Three weeks in, and there’s no denying that Millennium feels as if it has become both rudderless and too dependent on being X-Files like compared to season one. For first time viewers this might prove disappointing, but sometimes it’s worth it to stick with something, and now that we’re at “Monster”, one finds themselves exclaiming in the most satisfying way, “this is more like it”.
There’s no doubt that “Monster” is something that could have been done on The X-Files also; it’s very much a horror tale centred around themes of abuse and evil, and that’s something we’ve seen the other Ten Thirteen series do a lot of also, but the thing to admire and love about “Monster” is how much of a Millennium episode it feels like, while also grabbing with both hands a chance to explore the new set of themes that Morgan and Wong have opened up for the show.
There’s a playfulness here that has only been hinted at so far in the season; we saw a few weeks ago in the season premiere, “The Beginning and the End“, that the writers were just itching to get a chance to explore Peter Watts in more detail, and now with Frank and Catherine separated, to see the initially awkward interaction between them from “Walkabout” last season turn into something a little more fraught and bitter is strangely great fun from a series that had set up a paradigm last season and pretty much stuck with it.

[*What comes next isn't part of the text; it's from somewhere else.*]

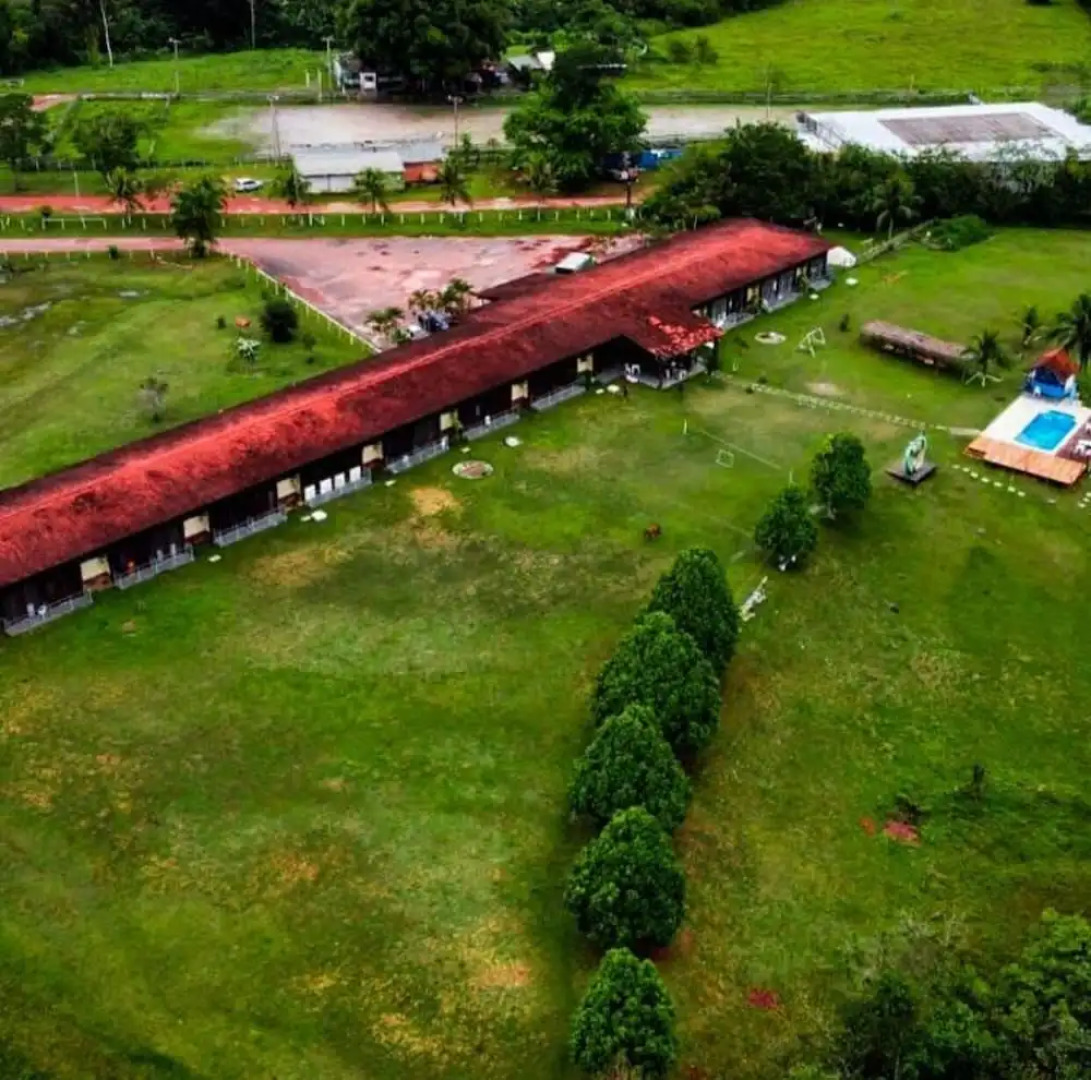 Parque Hotel Corredeira Do Urubui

Catherine’s bitterness at meeting Peter and describing him and the Millennium Group as essentially the other woman does feel at times like its retconning her character development from the first season, when we very much presented with a united front with regards to the Black’s marriage and their ability to support each other while both worked very stressful jobs related to investigating and stopping the very worst of humanity, but it’s hard to complain when the writing is so well done here and the performances by Gallagher and O’Quinn even more so.
Even better, the episode features the season’s next little character experiment as we’re introduced to a new creation to the series who will recur throughout; Kristen Cloke as Lara Means.

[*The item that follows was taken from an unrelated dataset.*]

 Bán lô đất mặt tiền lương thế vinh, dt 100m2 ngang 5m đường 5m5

Initially starting off as antagonists, both Lara and Frank come to an understanding and what we see is the beginning of a very respectful partnership that will be at the heart of some very engaging stories. Clearly sent to investigate as part of a larger test by the group, it genuinely feels as if the series is allowing itself to open up to a larger set of stories as opposed to the serial killer of the week format that was season one, while the hint of Lara’s gift suggests even more character driven material and mythology to mine.

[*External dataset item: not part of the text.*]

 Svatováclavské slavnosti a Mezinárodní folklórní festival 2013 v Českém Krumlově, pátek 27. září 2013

It also helps that Cloke is truly wonderful first time out in the role and her appearance here leaves one very eager to see more of her.
Make no mistakes, “Monster” is very much a Ten Thirteen piece of television and while it could have fitted into the mould of a season one episode, albeit with less of the mystery angle when it comes to the Group elements, or even had Mulder and Scully show up and play out with some of the same story beats and twists, it works here superbly as it once plays out within a more quirky nature (the offbeat Mark Snow score and the use of a children’s story read out via voiceover at the beginning and end of the episode) as well as a further demythologising of Millennium’s stalwart hero, Frank.
Morgan and Wong continue to take Frank away from the perfect hero of season one and make himself and his world that little bit less perfect and picturesque; the yellow house has become a different kind of symbol than last season. As opposed to being one of perfection within a dark world, it has now become something that Frank is simply fighting to get back to, while his more fraught relationship with Jordan (we once again witness him shouting at her, an image that would have been unthinkable in any of last year’s episodes) hints at a more realistic development than the picture perfect scenes that we got so much of last year.
Of course, seeing him yell at her is really there to get him into trouble in the second half of the episode, but the image of Millennium’s world-weary profiler being arrested and subsequently wearing prison overalls is still a shock in itself, but builds up to a superb final stretch that brings out the very best in Morgan and Wong’s script and in Henriksen whose monologue in those final moments is superbly delivered by the actor.
Along with guest appearances from X-Files Hall of Fame participants Robert Wisden and Chris Owens, it all feels wonderfully Ten Thirteen, with a very dark story that strays into incredibly twisted territory, not least when the eventual culprit is revealed. It ends with a final scene that reminds the audience of how different this is compared to last year, but it is a genuine, wonderful change that indicates that Millennium has upped the ante considerably in terms of drama and its mythology.
It’s also just wonderful to see the series deliver the goods after being on shaky ground for the last few weeks, and it’s a relief to say that it will be the first of many great episodes to come.